15 responses to “Interview with Rachel Neumeier – Author of BLACK DOG

  1. All puppies are cute. All author interviews should have a picture of cute animals.

    Black Dog is one of the YA titles I am eying this year already though. Looks good.

    • It’s hard to imagine an un-cute puppy! I don’t think that’s a word, but you know what I mean. I’m really enjoying the unusual world-building in this book.

  2. Maureen Eichner

    Chrestomanci is a perfect name for a cat! Must file that away for reference.

  3. OH. MY. GOODNESS. When I saw the image with Rachel and her dog, my first reaction was “she owns a Cavalier King Charles spaniel!” I have two of them myself, and Rachel is exactly right…they are the most beautiful, sweetest, loving dogs ever! Great interview and pics!
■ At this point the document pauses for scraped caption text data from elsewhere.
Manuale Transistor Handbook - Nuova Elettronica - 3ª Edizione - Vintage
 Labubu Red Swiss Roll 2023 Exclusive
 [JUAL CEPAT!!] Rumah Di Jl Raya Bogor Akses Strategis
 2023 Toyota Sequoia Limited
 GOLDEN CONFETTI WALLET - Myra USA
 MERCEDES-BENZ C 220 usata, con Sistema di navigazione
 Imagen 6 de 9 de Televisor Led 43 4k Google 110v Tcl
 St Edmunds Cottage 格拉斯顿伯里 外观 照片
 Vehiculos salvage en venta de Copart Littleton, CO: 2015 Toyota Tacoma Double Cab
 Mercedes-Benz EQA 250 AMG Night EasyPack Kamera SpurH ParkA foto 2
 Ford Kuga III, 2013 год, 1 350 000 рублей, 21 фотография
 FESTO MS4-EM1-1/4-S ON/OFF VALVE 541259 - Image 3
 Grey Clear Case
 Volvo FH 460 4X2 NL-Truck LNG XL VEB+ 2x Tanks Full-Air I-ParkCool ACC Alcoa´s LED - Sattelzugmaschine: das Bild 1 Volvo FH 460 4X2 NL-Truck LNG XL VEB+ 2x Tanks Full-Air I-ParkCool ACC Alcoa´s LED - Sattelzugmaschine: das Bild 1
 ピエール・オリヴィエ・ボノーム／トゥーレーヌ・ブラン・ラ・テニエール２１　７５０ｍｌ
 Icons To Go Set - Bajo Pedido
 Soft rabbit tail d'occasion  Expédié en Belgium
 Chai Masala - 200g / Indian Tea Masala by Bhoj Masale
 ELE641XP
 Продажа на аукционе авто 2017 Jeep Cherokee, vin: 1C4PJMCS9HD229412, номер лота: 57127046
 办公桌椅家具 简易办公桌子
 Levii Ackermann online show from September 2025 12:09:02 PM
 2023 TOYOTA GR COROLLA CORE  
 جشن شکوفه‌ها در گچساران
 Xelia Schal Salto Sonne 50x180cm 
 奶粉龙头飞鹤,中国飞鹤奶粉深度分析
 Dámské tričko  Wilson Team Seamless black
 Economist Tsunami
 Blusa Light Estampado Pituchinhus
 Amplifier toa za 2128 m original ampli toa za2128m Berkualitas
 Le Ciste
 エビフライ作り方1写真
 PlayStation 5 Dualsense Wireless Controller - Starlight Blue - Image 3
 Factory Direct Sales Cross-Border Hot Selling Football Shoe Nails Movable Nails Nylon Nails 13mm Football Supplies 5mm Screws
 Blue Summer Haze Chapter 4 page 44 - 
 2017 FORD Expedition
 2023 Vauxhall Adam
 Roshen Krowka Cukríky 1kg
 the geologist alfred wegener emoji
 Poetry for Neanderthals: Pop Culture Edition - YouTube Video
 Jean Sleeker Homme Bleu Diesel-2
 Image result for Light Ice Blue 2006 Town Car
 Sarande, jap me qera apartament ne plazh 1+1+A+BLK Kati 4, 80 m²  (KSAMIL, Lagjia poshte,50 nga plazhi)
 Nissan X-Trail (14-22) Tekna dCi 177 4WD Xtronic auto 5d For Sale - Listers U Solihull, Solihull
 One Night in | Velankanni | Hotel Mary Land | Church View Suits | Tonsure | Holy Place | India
  4. I’ve never read a book by Neumeier before although I’ve heard a great many wonderful things. But Strange Chemistry is an imprint I trust above all others and I can never rresist one of their titles.
    Thank you for sharing!

  5. Pabkins

    Demonic werewolves and vamps for the win! I seriously enjoyed it and wow puppies. Oddly enough I think it would find it distracting to to listen to some music while working on writing…I can do it while I paint but that isn’t requiring focus to words flowing from fingers.